City of Brownwood Development Services Director Tim Murray proposed an ordinance to reclassify 96 blocks of downtown as a historic district in order to spur development and fill vacant buildings.
According to a chart provided by the city officials during Monday’s Brownwood City Council meeting, the plan proposed by Murray would encompass properties from Main to Carnegie Street and allow property owners to avoid costly renovations while also putting vacant buildings into action.
“[The Historic Building Review Committee] has been discussing ways to allow leniency in building codes for historical-type buildings such as what he have in our downtown area,” Murray said. “Currently, we have several historical-type buildings in our downtown area that have remained vacant for numerous years simply because it would be too difficult or costly to bring the buildings up to current building codes.”
Murray said while some historical districts require the developer to use building materials similar to those used at the time of the building’s construction, the Brownwood Historical Building District would not have the same requirements. Instead the focus will be putting the buildings to use and in order to do that the city is willing to waive requirements such as sprinkler systems, eco friendly windows and other costly repairs Murray said prevents businesses from coming downtown.
“Local designation of a historic district does not: require buildings to be submitted to a historic registry, require buildings be renovated its original state, require compliance with the Texas Historic Commission and it does not prevent property owners from renovating up to modern codes,” Murray said. “However, local designation of a historic district does: assist property owners to apply for state and federal grant incentive programs, provide additional relief of fire codes and also reduces the energy code requirements.”

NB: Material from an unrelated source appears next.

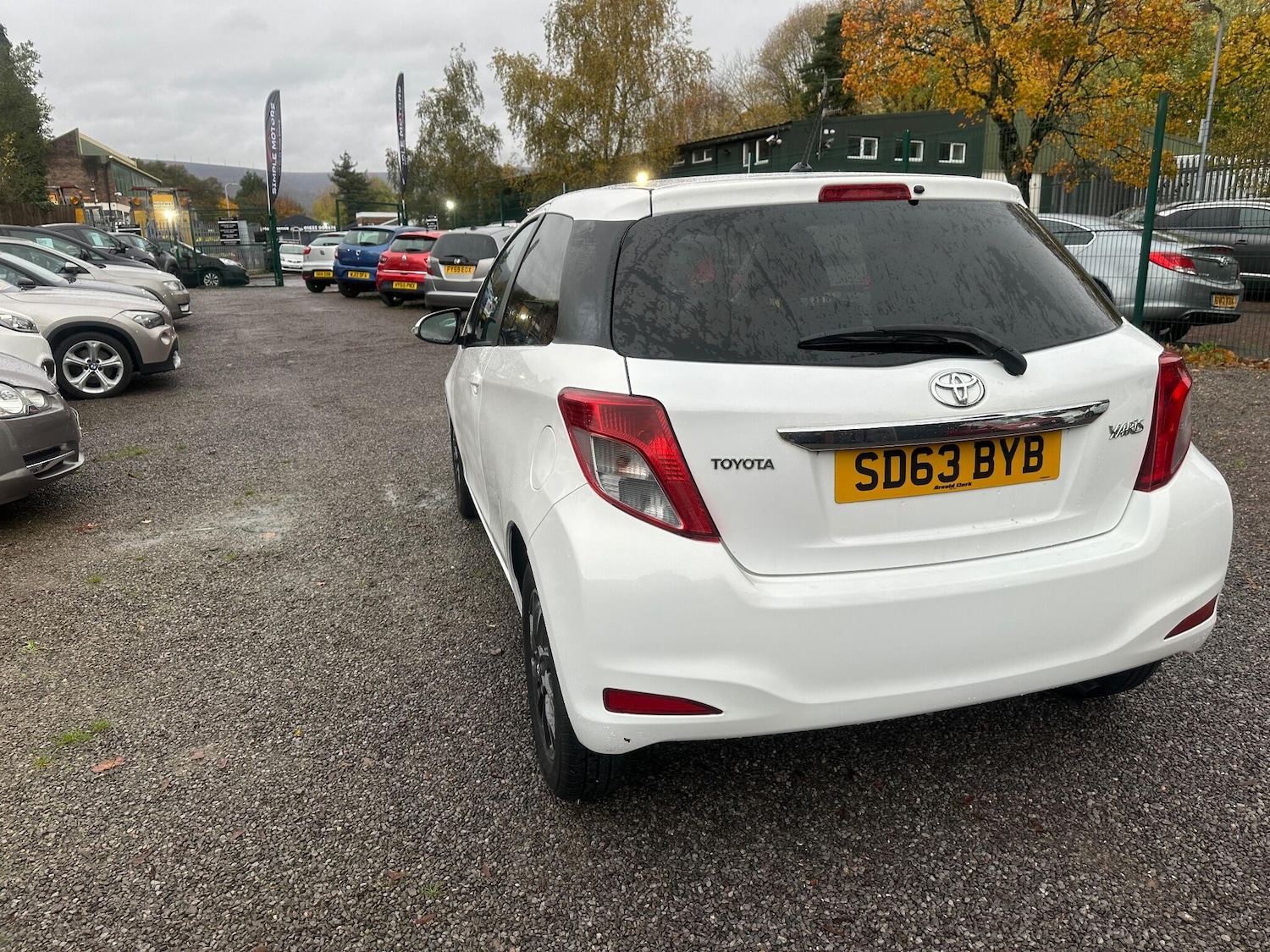Used Toyota Yaris 2013 for sale - 76484761: Photo 81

While giving building owners a bit of breathing room, Murray said the designation would not allow developers to not comply with significant codes. If councilmen pass the ordinance following a second or third reading, then property owners would still be required to use fire retardant paint, have fire alarms and multiple exits in the event of an evacuation.
“An example is the old Weakley Watson building. He went through the Texas Historical Commission and got it designated historical,” Murray said. “That gave him some relief on that and he still had some alternative measures to meet the intent and basic necessities of the fire safety part – the fire alarm system, fire retardant paint, the number of egresses and exits put in and stuff like that to relieve him of having to spend $250,000 on a new sprinkler system.”
With Murray introducing the ordinance to the city council Monday, city administrator Emily Crawford said the council has plenty of time to hammer details before it goes up for a final vote. Although early in the process, councilmen seemed eager to put it into the city code of ordinances.
“If we’re serious about the restoration of our downtown area, then it would be a foolish move not to pass this. It doesn’t hinder, financially, those who are going to do that,” Ward 3 Councilman Larry Mathis said.